Homecoming 2021: Some Enchanted Evening

There’s a mystique that surrounds homecoming events in high school. For freshmen, it’s one of the first major events to mark their exit from middle school and elementary school before that. For seniors, it’s one of a series of last events – last homecoming, last final game of a given season, last JSB Formal, last exam. This is why pop culture loves a good homecoming story. It seems that for Berean students who plan Homecoming, overcoming the odds is a theme that repeats itself.

Last year, seniors in Student Government were told that Homecoming during the pandemic was just not possible. But they refused to let their last homecoming event disappear. They rallied and planned an event that was unlike any other Homecoming the school had seen. Homecoming 2020 went virtual. Students created a video of the Homecoming court being honored on the football field, and it all followed necessary COVID guidelines. For unconventional reasons, Berean’s 2020 Homecoming was unforgettable.

This year, with students back in classrooms, events like homecoming were bound to make a big comeback. Megan Upshaw, Lauren Watt, and Bebe Asuncion were the seniors tasked with planning this year’s festivities.

“We started thinking about Homecoming last spring,” says Upshaw. “At Berean, we traditionally have a formal dinner with a lot of activities and games for Homecoming. This year, we really wanted to do something more.”

The more that they wanted this year… well, they wanted to dance. Historically, Berean Christian has not allowed dancing at Homecoming, so this was going to be a tough sell to the school’s administration. But Upshaw and her classmates were up for the challenge.

They prepared a formal pitch for Mr. Esakson. They practiced their presentation, and on the day of their pitch, they made the argument that this has been an unusual year and it called for an unusual Homecoming. Students have been through a lot since we all started living under the fog of COVID anxieties and restrictions. The evidence of strain that COVID has placed on young people’s mental and emotional health has been well documented. Because of this, the seniors wanted this year’s Homecoming to be unique.

After Upshaw and her peers delivered the pitch, Mr. Esakson took their request to additional faculty and administration leaders at the school. The answer was no. Not this year.

Disappointed, but determined, leaders in student government continued planning homecoming festivities which included an activity-packed Spirit Week that the freshmen dominated. For Homecoming itself, the planning committee organized mini golf, ping pong, and corn hole game stations. They brought in a horse-drawn carriage and a frozen yogurt vendor. Parents and students worked hard on Saturday to decorate the venue.
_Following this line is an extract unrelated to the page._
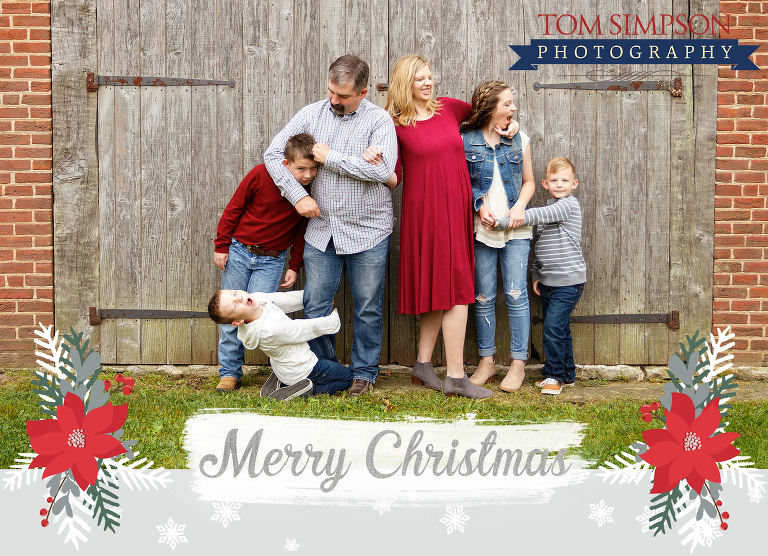 family silliness during photo session by barn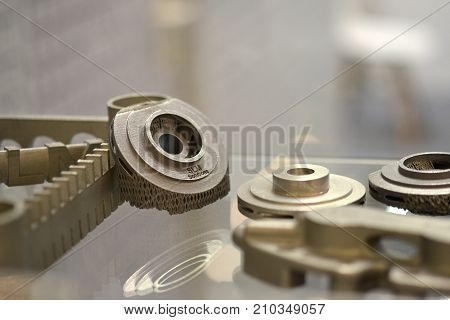 Object printed on metal 3d printer. A model created in a laser sintering machine close-up. DMLS, SLM, SLS technology. Concept of 4.0 industrial revolution. Progressive modern additive technology.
It was beautiful. When students walked onto the location, it was like walking into a fairy tale. Spread out over the ranch-like property of Crosswinds Church, Homecoming was mostly outdoors. Lights and decorations were strung from wall to wall in the open-air barn. The students were impressed with the combination and elegance and fun that the setting offered. And there was one more surprise. Underneath one of the open structures, there was a space designated for… dancing!

The school’s leadership surprised the student body by reversing its original decision to exclude dancing as part of the event. This year, students could dance if they wanted to.

Upshaw was astonished and elated to learn that their pitch had actually worked. “It was so great,” she says. “We have dancing at our JSB event in the spring, but that’s just for juniors and seniors. This was special because it involved the whole student body.”

In addition to the beautiful venue, the horse-drawn carriage, and the dancing, Upshaw says that people really loved the frozen yogurt. “I mean, who doesn’t like frozen yogurt?”